Cooling towers rely on evaporation to draw heat from the water. As air is drawn past a flow of water, it absorbs water vapor leaving less heat in the remaining water flow. Air flow can be generated in several ways.
- Natural draft–the tendency for warm, moist air to rise–creates a current of air through the tower as the warm, moist air rises.
- Mechanical draft uses a power driven fan to move air through the tower. It can do this via induced draft where the fan is positioned at the discharge end of the tower and pulls air through the tower. Forced draft positions the fan at the intake and air is forced into the tower. With forced draft, discharged air is more prone to flow back into the air intake and the fan is more susceptible to complications of freezing conditions, but forced draft can be installed in more confined spaces or indoors.
- A third option is fan-assisted natural draft.

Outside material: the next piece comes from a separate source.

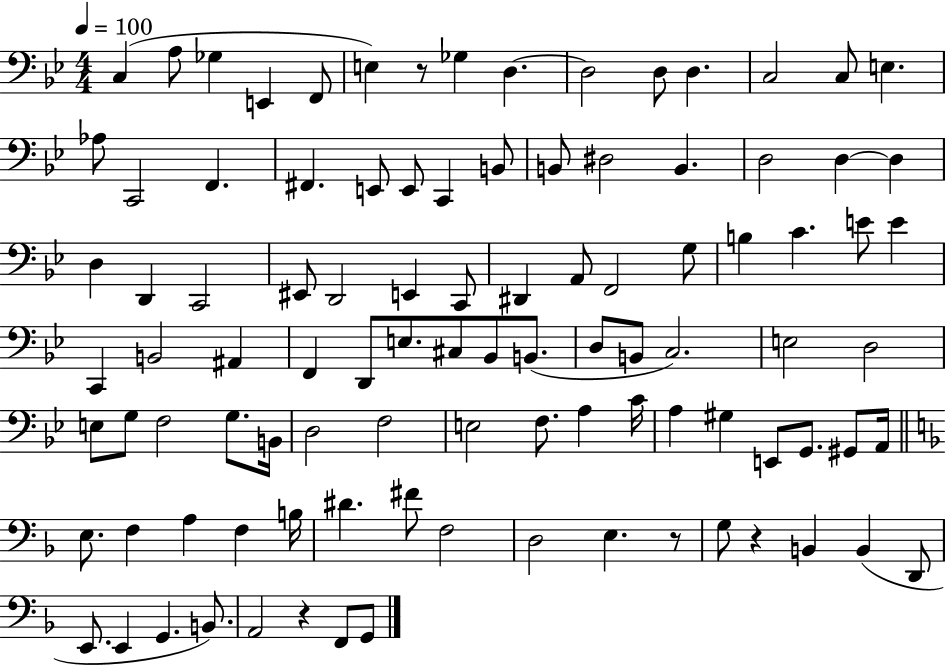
C3/q A3/e Gb3/q E2/q F2/e E3/q R/e Gb3/q D3/q. D3/h D3/e D3/q. C3/h C3/e E3/q. Ab3/e C2/h F2/q. F#2/q. E2/e E2/e C2/q B2/e B2/e D#3/h B2/q. D3/h D3/q D3/q D3/q D2/q C2/h EIS2/e D2/h E2/q C2/e D#2/q A2/e F2/h G3/e B3/q C4/q. E4/e E4/q C2/q B2/h A#2/q F2/q D2/e E3/e. C#3/e Bb2/e B2/e. D3/e B2/e C3/h. E3/h D3/h E3/e G3/e F3/h G3/e. B2/s D3/h F3/h E3/h F3/e. A3/q C4/s A3/q G#3/q E2/e G2/e. G#2/e A2/s E3/e. F3/q A3/q F3/q B3/s D#4/q. F#4/e F3/h D3/h E3/q. R/e G3/e R/q B2/q B2/q D2/e E2/e. E2/q G2/q. B2/e. A2/h R/q F2/e G2/e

Cooling towers can also be categorized as crossflow and counterflow. In the crossflow design, air and water flow perpendicularly to one another. Air flows in horizontally from one or more sides of the tower and water flows downward and perpendicularly to the air flow. In counterflow patterns, air flows upward and water flows downward.
How It Works
Cool water from the tower is pumped to the chillers where it absorbs heat. The heated water returns to the top of the cooling tower and trickles downward (counterflow design) over a fill material inside the tower. As it contacts ambient air rising upward, a small amount of the water is lost to windage and some of the water evaporates. The heat required to evaporate the water is derived from the water itself, leaving the water cooler and ready to recirculate back to the chiller. Because the evaporated water leaves salts, the accumulated salts are controlled by drawing off some of the water. Fresh makeup water replaces the water lost by windage and the draw-off.
Cooling towers range in size from 10 to 20,000-ton systems. A ton of air conditioning rejects 12,000 Btu/h. An equivalent ton on the cooling tower side rejects 15,000 Btu/h, a chiller coefficient of performance (COP) of 4.0 or an equivalent energy efficiency ratio (EER) of 13.65.